After an officious process of deliberation, the Board of Ministry of Memorial Church has recommended to the Minister in the Memorial Church Peter J. Gomes, who has recommended to President Neil L. Rudenstine, who has given his tacit approval, that the performance of same-sex "marriages" ought to be allowed in Mem Church.
The Church hierarchy deserves credit for extending the non-discrimination policies of the University to its own domain. But it deserves rebuke for not releasing the exact contents of its recommendations-the product of a task force and the basis for much future University policy-to the community. It is also unfortunate that the decision required such lengthy discussion when fellow Ivy League universities such as Brown have been allowing such ceremonies for years.
In any case, last year's campus debate over the issue has been resolved in the right.

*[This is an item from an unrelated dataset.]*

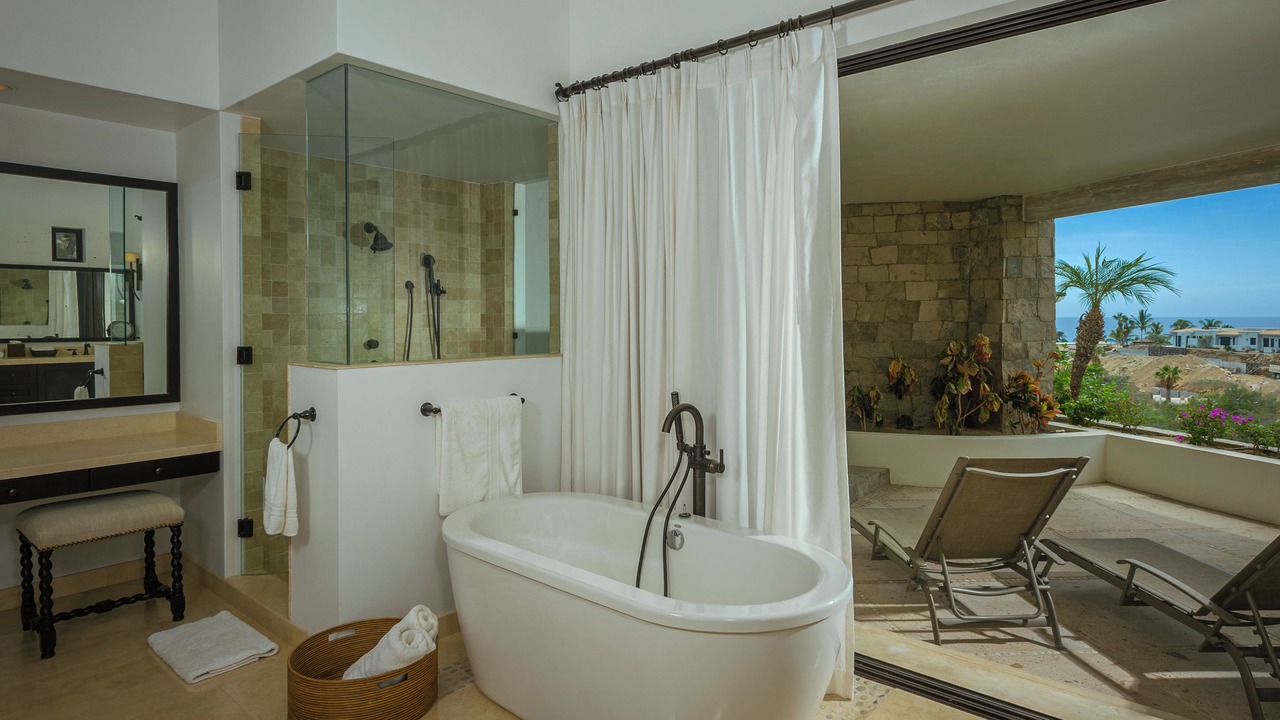 Photo of Bathroom in Buzzards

Memorial Church is now thankfully open to same-sex commitment ceremonies, which are also known as marriages in states which recognize the institution for gay men and lesbians.
Though Massachusetts has made a hypothetical commitment to honor homosexual marriages performed in states where they are practiced, this state has shied away from making gay marriage legal. Only Hawaii has given lukewarm support to homosexual marriage, having strongly considered giving the same benefits to them as heterosexual couples receive. Other states should follow Hawaii's example and exceed it.
But in the meantime, commitment ceremonies are the next best things, and gays in the Harvard community ought to have the same rights as heterosexuals to partake of them. We hope to see the new policy at work, and we anxiously await the first such upcoming nuptials.